[Work request]
Find the string "ceiling" in the records and copy each line where it occurs.

══ Data for this task ══

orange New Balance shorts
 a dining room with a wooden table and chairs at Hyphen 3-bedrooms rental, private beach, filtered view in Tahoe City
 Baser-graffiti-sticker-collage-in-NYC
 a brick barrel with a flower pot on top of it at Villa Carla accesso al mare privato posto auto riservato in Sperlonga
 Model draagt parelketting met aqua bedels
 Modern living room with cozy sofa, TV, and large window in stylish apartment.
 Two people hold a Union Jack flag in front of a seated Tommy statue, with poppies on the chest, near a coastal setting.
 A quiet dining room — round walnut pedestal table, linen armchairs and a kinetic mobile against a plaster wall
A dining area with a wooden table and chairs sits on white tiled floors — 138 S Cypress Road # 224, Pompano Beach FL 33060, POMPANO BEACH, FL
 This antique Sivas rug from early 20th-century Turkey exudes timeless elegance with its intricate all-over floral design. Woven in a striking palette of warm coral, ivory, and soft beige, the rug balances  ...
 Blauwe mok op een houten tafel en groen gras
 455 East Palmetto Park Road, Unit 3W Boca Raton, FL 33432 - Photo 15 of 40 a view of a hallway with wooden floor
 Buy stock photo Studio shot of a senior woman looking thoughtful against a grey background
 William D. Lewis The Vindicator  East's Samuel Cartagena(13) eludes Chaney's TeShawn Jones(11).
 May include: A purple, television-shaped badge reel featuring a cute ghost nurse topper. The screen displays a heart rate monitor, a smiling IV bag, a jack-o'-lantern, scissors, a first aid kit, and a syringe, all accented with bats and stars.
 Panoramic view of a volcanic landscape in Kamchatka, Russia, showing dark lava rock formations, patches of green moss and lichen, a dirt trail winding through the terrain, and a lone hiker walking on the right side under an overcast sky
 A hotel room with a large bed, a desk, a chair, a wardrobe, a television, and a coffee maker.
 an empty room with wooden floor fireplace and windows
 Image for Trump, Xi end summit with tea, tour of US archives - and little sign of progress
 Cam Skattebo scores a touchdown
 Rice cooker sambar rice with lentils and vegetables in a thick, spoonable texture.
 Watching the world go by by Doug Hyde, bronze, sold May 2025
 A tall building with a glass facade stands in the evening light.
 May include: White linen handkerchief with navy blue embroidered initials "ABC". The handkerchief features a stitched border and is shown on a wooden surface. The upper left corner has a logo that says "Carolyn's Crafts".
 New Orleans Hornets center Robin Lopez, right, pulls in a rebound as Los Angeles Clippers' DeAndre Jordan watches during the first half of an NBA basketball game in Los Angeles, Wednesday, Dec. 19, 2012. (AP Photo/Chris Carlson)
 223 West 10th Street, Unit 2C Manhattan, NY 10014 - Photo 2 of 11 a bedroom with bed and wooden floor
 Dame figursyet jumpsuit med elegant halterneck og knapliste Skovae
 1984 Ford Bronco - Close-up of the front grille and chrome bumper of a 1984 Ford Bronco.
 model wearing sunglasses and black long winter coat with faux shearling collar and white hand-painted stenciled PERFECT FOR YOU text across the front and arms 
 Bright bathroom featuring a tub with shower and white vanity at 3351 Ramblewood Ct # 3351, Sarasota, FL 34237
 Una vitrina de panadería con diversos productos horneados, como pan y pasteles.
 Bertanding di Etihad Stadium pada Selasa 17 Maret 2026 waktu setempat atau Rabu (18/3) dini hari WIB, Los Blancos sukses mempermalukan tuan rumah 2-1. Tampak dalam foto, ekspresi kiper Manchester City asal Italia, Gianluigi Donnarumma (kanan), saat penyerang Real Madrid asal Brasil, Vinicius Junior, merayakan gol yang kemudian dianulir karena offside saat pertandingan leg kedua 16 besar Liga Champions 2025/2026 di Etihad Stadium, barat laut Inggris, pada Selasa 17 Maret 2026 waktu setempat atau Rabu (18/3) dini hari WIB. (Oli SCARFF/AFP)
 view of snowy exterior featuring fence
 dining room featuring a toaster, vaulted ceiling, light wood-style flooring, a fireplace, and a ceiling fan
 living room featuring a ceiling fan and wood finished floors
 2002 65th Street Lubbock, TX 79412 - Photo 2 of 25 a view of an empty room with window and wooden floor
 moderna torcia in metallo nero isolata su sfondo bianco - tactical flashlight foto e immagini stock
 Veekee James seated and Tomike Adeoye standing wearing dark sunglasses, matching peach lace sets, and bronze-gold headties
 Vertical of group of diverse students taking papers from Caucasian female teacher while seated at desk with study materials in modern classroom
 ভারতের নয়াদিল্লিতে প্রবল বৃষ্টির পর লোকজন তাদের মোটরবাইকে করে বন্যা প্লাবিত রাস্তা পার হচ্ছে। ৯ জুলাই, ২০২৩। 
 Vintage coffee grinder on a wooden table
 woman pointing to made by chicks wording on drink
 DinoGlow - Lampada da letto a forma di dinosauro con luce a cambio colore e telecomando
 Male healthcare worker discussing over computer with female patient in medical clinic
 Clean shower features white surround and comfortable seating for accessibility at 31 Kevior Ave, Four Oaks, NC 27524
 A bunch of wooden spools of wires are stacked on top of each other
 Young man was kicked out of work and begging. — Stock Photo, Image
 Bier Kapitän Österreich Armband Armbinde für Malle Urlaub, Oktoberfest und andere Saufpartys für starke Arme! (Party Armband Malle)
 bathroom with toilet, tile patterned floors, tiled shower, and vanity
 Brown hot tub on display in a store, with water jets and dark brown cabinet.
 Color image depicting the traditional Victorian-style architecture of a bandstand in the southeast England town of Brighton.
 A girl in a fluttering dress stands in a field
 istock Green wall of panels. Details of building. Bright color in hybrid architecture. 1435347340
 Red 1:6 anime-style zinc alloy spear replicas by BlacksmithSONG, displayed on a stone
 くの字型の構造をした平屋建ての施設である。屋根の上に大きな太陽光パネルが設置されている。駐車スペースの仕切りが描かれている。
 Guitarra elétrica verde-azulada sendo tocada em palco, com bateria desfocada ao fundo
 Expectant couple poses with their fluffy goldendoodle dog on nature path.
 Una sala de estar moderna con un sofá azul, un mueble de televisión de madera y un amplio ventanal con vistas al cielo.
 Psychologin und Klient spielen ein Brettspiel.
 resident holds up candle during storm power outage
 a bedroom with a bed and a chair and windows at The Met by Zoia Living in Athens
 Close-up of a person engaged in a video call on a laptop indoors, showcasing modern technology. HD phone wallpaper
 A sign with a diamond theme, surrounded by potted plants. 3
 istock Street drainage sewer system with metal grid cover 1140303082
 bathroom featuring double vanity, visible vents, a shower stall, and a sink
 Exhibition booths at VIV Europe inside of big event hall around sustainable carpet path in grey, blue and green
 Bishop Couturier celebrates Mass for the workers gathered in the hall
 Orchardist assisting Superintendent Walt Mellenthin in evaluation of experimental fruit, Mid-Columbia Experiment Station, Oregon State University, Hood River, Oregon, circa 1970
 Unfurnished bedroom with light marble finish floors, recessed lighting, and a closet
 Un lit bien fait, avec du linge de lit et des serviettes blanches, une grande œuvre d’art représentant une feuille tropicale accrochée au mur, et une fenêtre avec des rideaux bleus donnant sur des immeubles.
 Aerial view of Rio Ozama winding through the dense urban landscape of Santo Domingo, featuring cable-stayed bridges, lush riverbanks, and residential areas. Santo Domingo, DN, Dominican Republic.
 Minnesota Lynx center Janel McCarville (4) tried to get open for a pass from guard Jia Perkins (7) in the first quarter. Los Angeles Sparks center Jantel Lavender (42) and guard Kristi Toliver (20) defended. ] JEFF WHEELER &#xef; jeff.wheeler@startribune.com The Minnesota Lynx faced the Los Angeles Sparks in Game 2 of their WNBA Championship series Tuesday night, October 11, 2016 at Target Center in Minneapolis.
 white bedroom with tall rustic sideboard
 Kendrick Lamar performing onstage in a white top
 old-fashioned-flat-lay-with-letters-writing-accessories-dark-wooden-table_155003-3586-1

═══

[Your solution]
 dining room featuring a toaster, vaulted ceiling, light wood-style flooring, a fireplace, and a ceiling fan
 living room featuring a ceiling fan and wood finished floors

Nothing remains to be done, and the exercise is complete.